There's lots of character and creativity on show, and that keeps Venetica interesting right until the end. But there's also the kind of corner-cutting and lack of polish that speak of an under-budgeted game with high aspirations. This is a tremendous shame, as it devalues the experience in a constant, niggling way.

NPCs block your passage, and if you press against them, they sometimes halt completely until you back off and wait. In narrow corridors, when you're trying to run past a dawdling friendly, it's nothing short of infuriating. Their voice-acting ranges from triple-A to bargain basement, and the typo-riddled subtitles often don't match the script spoken by the actors.

Likewise, the lack of conceptual signposting in all areas of the game may lead to the joy of discovery in some cases, but irksome guesswork in many others. Why has your newly-earned block skill suddenly stopped working? Because you're fighting a new enemy type that ignores blocks. How is that fair? And what's the reason for it?

Little situations like this occur throughout the game; inexplicable oversights which leave you guessing because they're never explained. Why is there no axe skill-tree when you can use axes, but there's a skill-tree for every other weapon type? It took a little while to twig that they fall under the hammer skill tree.

One quest actually broke the game completely, when a critical scroll disappeared from my inventory as soon as I'd collected it. Googling the problem turned up only half the solution until I finally found a developer-built hotfix (which also inserted a much-needed quick-save function).

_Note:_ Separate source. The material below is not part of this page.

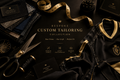 The Bespoke Collection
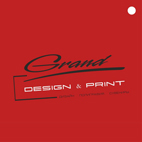 Каталог сувениров «Гранд»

In spite of all this, Venetica has some soul. Don't expect an RPG of depth – it's heavy on the action, light on customisation, and rewarding loot is rare. It's also in desperate need of more time in the womb, and the results of that are felt all over. But by and large, the sense of location and the constant weft of combat meant that I spent much of the fifteen hours it took to complete in a state of gentle enjoyment – and that definitely counts for something.

6 / 10

Venetica is out now on PC and Xbox 360. The PS3 version will be released soon.